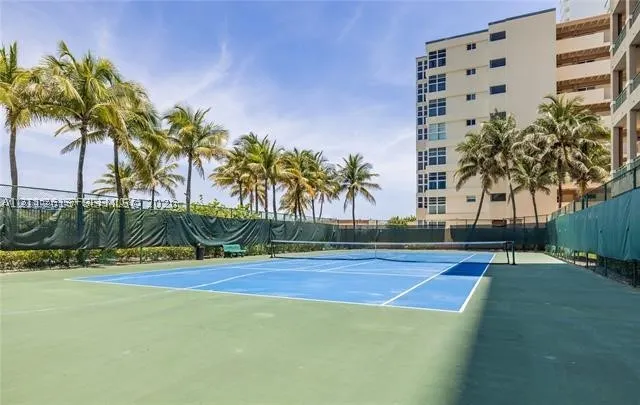 2080 S Ocean Dr #202
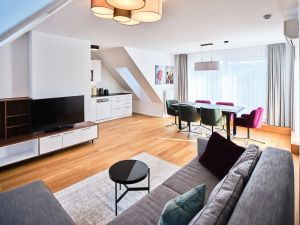 Image of MyFavorit Apartments - Spacious Apartments next to Puplic Transport U1 direct connection to Citycenter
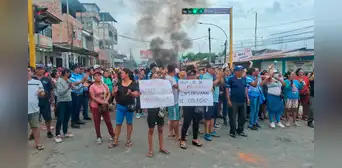 Iquitos: padres de familia tomaron colegio ante presencia de roedores e inundación por aguas servidas Iquitos: padres de familia tomaron colegio ante presencia de roedores e inundación por aguas servidas
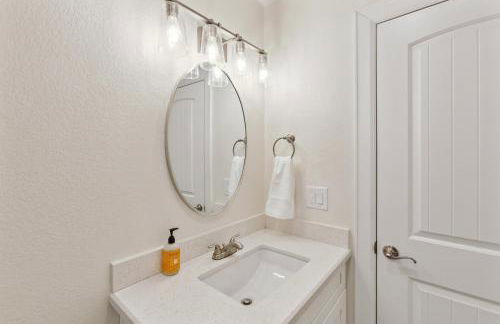 Cozy 3 Bedroom Family Beach Home in Galveston - Photo 16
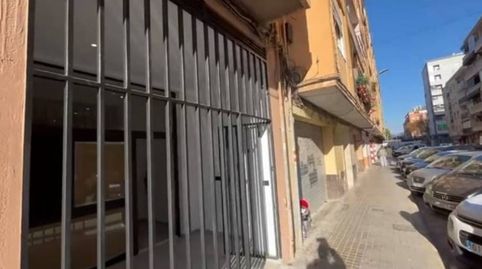 Foto 3 de Apartament en venda a Calle Alcañiz, Torrefiel, Valencia Capital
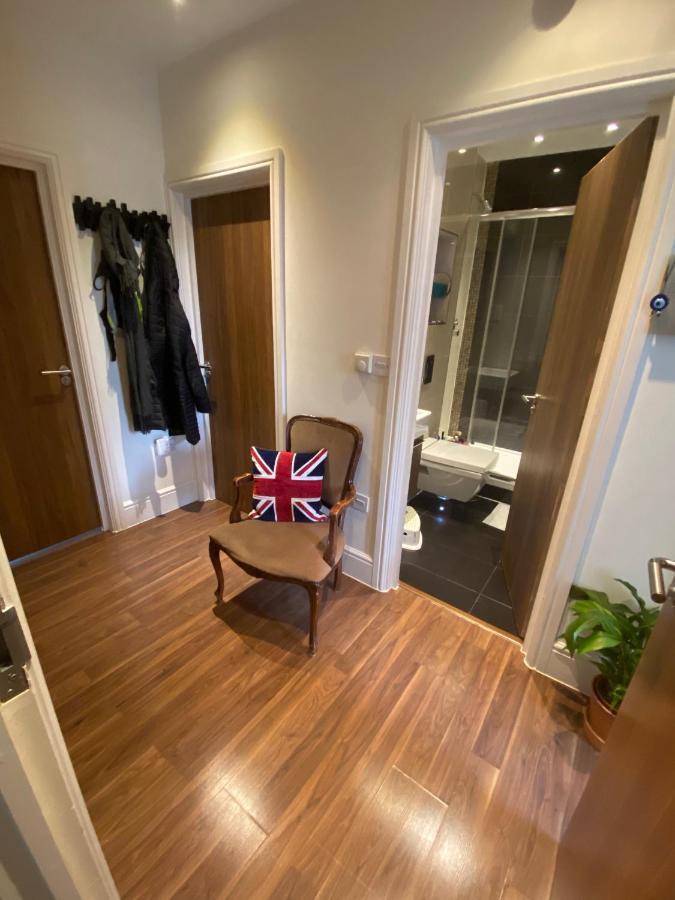 Notting Hill Next Door Bedroom In The Share Flat London Ngoại thất bức ảnh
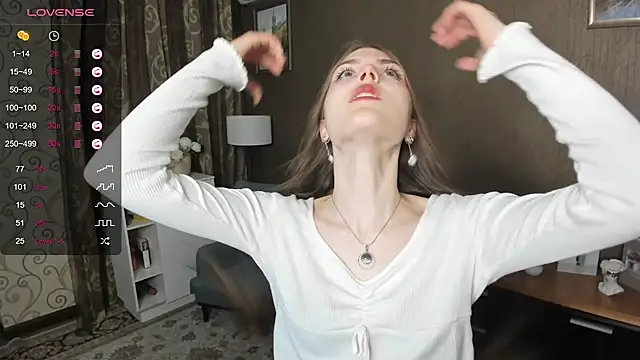 Snapshot of DarleneHatt chatting on 01/29/25, 08:46 DarleneHatt online show from 01/29/25, 08:46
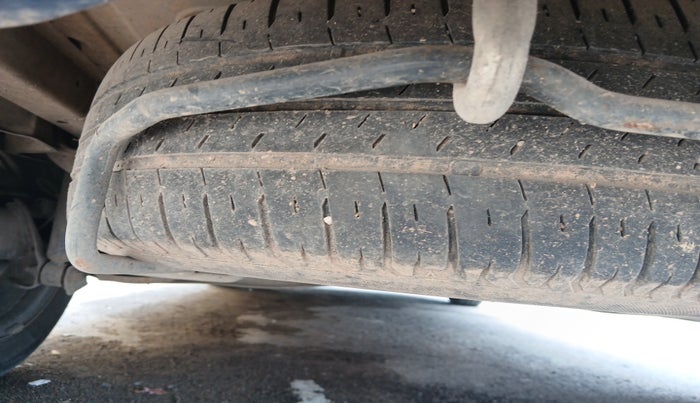 2020 Maruti Ertiga VXI SHVS, Petrol, Manual, 1,01,755 km, tyre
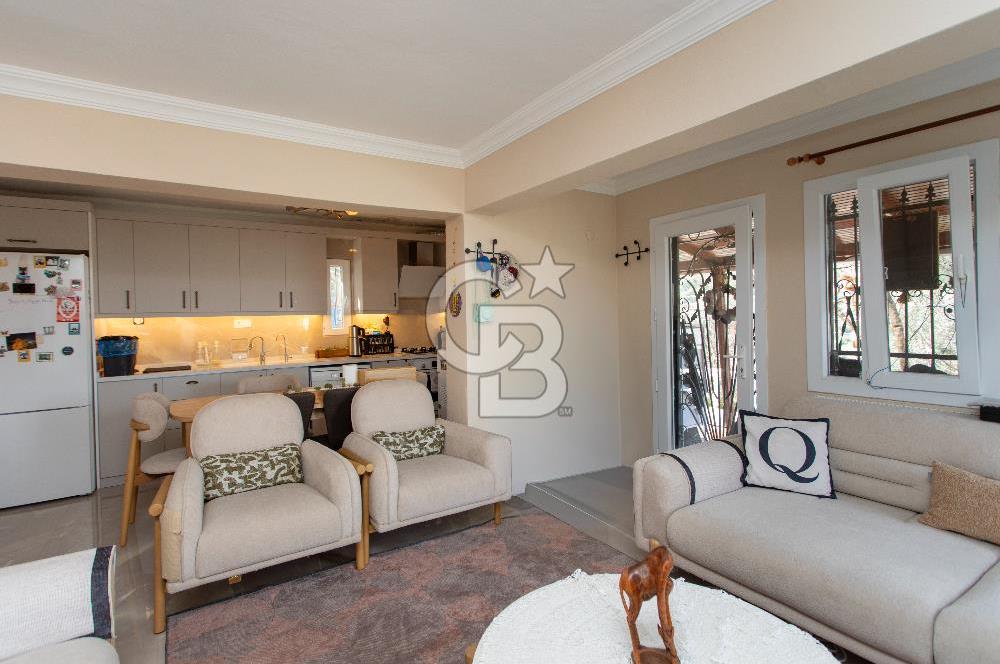 Yenifoça Cumhuriyet Mah. Satılık Deniz Manzaralı 2+1 Daire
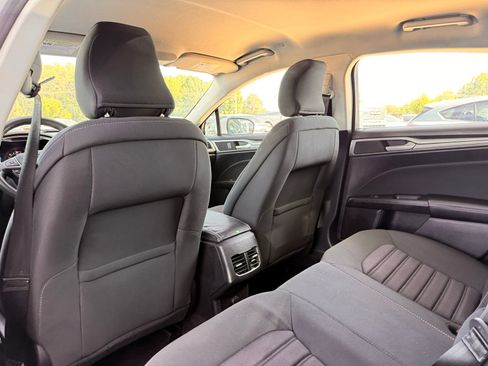 Used 2019 Ford Fusion SE FWD image 15
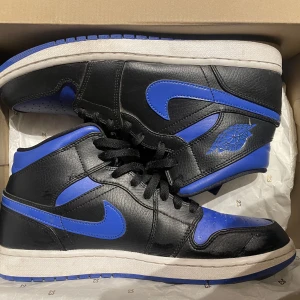 Air Jordan 1 mids  - Air Jordan 1 hyper royale Mids , använda endast ett fåtal gånger , så gott som nya. Orginalkartong ingår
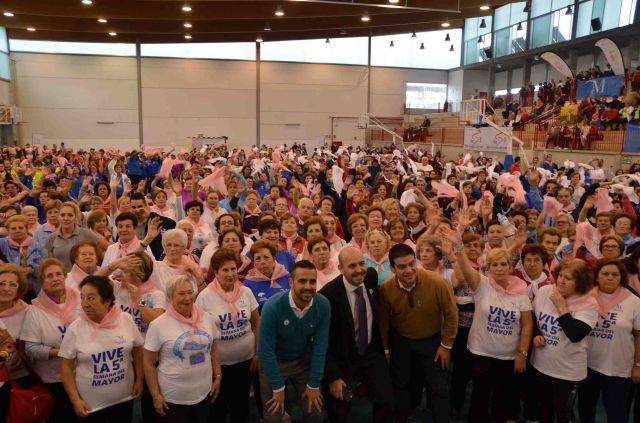 foto de Más de 1.500 personas de toda la provincia participan en el XVII Encuentro de Mayores en el Deporte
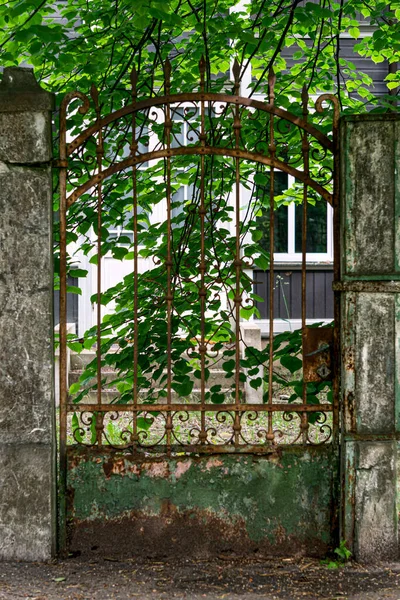 Old Forged Rusty Fence Concrete Pillars — Stock Photo, Image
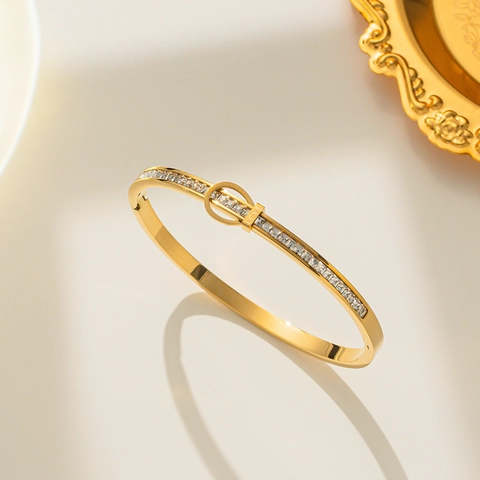 Bracciale Bangle Love in Acciaio al Titanio Minimalista per Donna Strass Stile Fibbia della Cintura Gioielli alla Moda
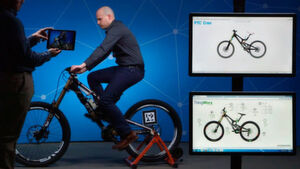 Das reale Bike wird sowohl im Dashboard als auch in der CAD-Software PTC Creo gespiegelt. Das reale Bike wird sowohl im Dashboard als auch in der CAD-Software PTC Creo gespiegelt.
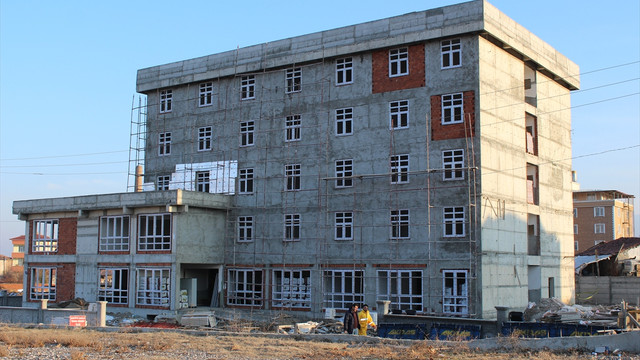 Tokat'ta yurt inşaatından düşen kişi yaralandı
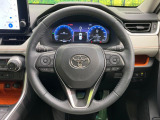 【ステアリングスイッチ】運転中、前方から目線をそらすことなく、オーディオ等の操作が可能な便利機能!安心&快適なドライブを演出してくれます♪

------------------------------------------------

■ Assigned task ■
Reproduce all the records verbatim, excluding images.

■ Written reply ■
 2080 S Ocean Dr #202
 Image of MyFavorit Apartments - Spacious Apartments next to Puplic Transport U1 direct connection to Citycenter
 Iquitos: padres de familia tomaron colegio ante presencia de roedores e inundación por aguas servidas Iquitos: padres de familia tomaron colegio ante presencia de roedores e inundación por aguas servidas
 Cozy 3 Bedroom Family Beach Home in Galveston - Photo 16
 Foto 3 de Apartament en venda a Calle Alcañiz, Torrefiel, Valencia Capital
 Notting Hill Next Door Bedroom In The Share Flat London Ngoại thất bức ảnh
 Snapshot of DarleneHatt chatting on 01/29/25, 08:46 DarleneHatt online show from 01/29/25, 08:46
 2020 Maruti Ertiga VXI SHVS, Petrol, Manual, 1,01,755 km, tyre
 Yenifoça Cumhuriyet Mah. Satılık Deniz Manzaralı 2+1 Daire
 Used 2019 Ford Fusion SE FWD image 15
 Air Jordan 1 mids  - Air Jordan 1 hyper royale Mids , använda endast ett fåtal gånger , så gott som nya. Orginalkartong ingår
 foto de Más de 1.500 personas de toda la provincia participan en el XVII Encuentro de Mayores en el Deporte
 Old Forged Rusty Fence Concrete Pillars — Stock Photo, Image
 Bracciale Bangle Love in Acciaio al Titanio Minimalista per Donna Strass Stile Fibbia della Cintura Gioielli alla Moda
 Das reale Bike wird sowohl im Dashboard als auch in der CAD-Software PTC Creo gespiegelt. Das reale Bike wird sowohl im Dashboard als auch in der CAD-Software PTC Creo gespiegelt.
 Tokat'ta yurt inşaatından düşen kişi yaralandı
 【ステアリングスイッチ】運転中、前方から目線をそらすことなく、オーディオ等の操作が可能な便利機能!安心&快適なドライブを演出してくれます♪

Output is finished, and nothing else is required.